A homeowners group is renewing its campaign to raise the level of Lake Lanier 2 feet so the lake can store another 26 billion gallons of water to quench the demand of a metro area that grows thirstier by the day.
“This will solve a lot of water issues a lot faster and a lot cheaper than other proposals, such as building new reservoirs,” said Joanna Cloud, executive director of the Lake Lanier Association, which represents about 2,000 homeowners on the lake.
The renewed push to raise the optimum lake level from 1071 to 1073 feet is timed to two events, Cloud said:
— The approval Wednesday by the Georgia Department of Natural Resources board of a new rule that may make the interbasin transfer of water — and the building of new reservoirs — easier. This effort is backed by Gov. Nathan Deal, who wants to set aside $46 million in his proposed budget to spur the building of reservoirs.
— A hearing scheduled March 9 in the U.S. Court of Appeals in Atlanta, where attorneys for the Lake Lanier Association, the state and Gwinnett County will argue that the U.S. Army Corps of Engineers should alter its operation of Lake Lanier, which limits its use as a water supply.
Raising the level of the lake is “not without cost,” Cloud said Thursday. It would require that some of the estimated 10,000 docks and electrical boxes at marinas be raised and probably at least one bridge across the northern part of the lake be replaced.
“We think a grant program could take care of some of those expenses,” she said.

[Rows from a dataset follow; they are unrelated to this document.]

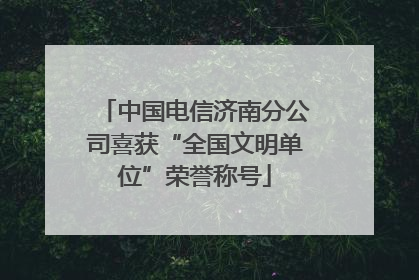 中国电信济南分公司喜获“全国文明单位”荣誉称号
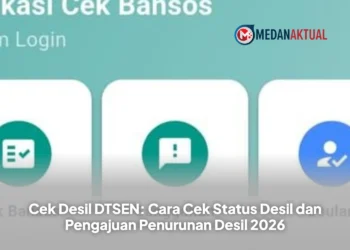 Cek Desil DTSEN: Cara Cek Status Desil dan Pengajuan Penurunan Desil 2026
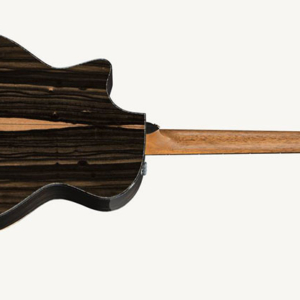 Taylor-ps14ce-3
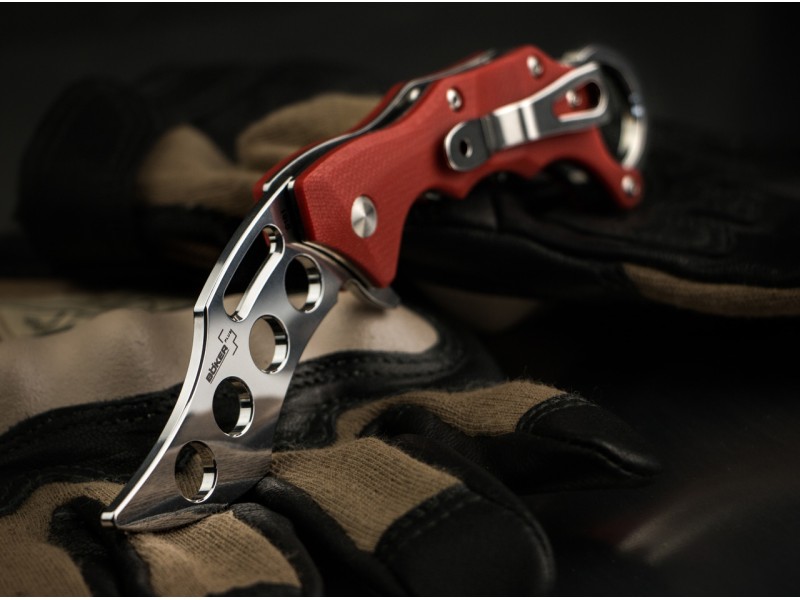 wildcat-trainer-2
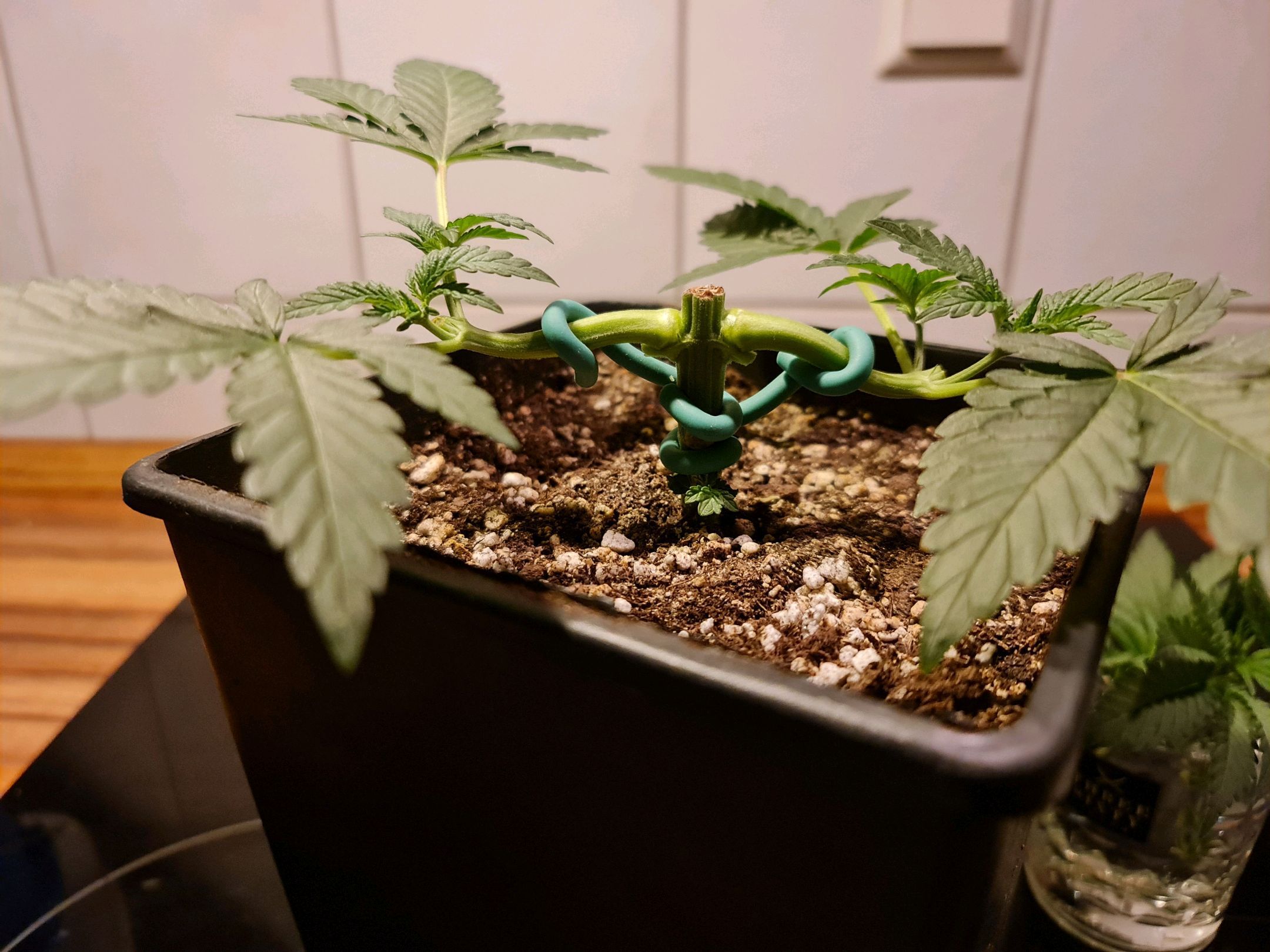 Critical Candy growlog photo 21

Georgia Department of Transportation spokeswoman Teri Pope said she’s not sure what bridge might have to be replaced. “We have probably 20 to 30 bridges across the lake,” she said.
In any case, the issue wouldn’t be whether the bridge would be flooded if the lake rises 2 feet, Pope said. No bridge is that low to the water. The problem would be accommodating boats that pass under the lower bridges, she said.
In 2007, when the Lake Lanier Association first publicized its plan to raise the lake level, the Georgia Senate passed a resolution asking Congress and the Corps of Engineers to study the costs and effects. Four years later, there’s been no such study because Congress hasn’t requested one, Corps spokesman Pat Robbins said.
If Congress did, Robbins said, the Corps would have to look at every imaginable result of raising the lake — from the impact on docks to flood control. That would take at least a year or two, he estimated.
“It sounds good, but it’s not as easy as saying, ‘Hey, let’s raise the lake 2 feet,’” Robbins said.
Kit Dunlap, chairwoman of the Metropolitan North Georgia Water Planning District, welcomed Deal’s pledge to pour more money into North Georgia reservoir development.
“It would give more assurance in the long term of drinking water for North Georgia citizens, including metro Atlanta,” she said.
But at least one group is less enthusiastic.
April Ingle, executive director of the Georgia River Network, said the state’s own water conservation act has better and more immediate ways to stabilize North Georgia’s water supply. One example, she said, is the requirement that all municipalities search for and fix leaks in their water lines.
“We’re hearing that some of those leak rates that utilities are finding run as high as 30 percent,” Ingle said. “It doesn’t make any sense whatsoever to invest millions in building reservoirs when much of the water is lost to leaks in the lines. We need to focus on using the water we have more efficiently.”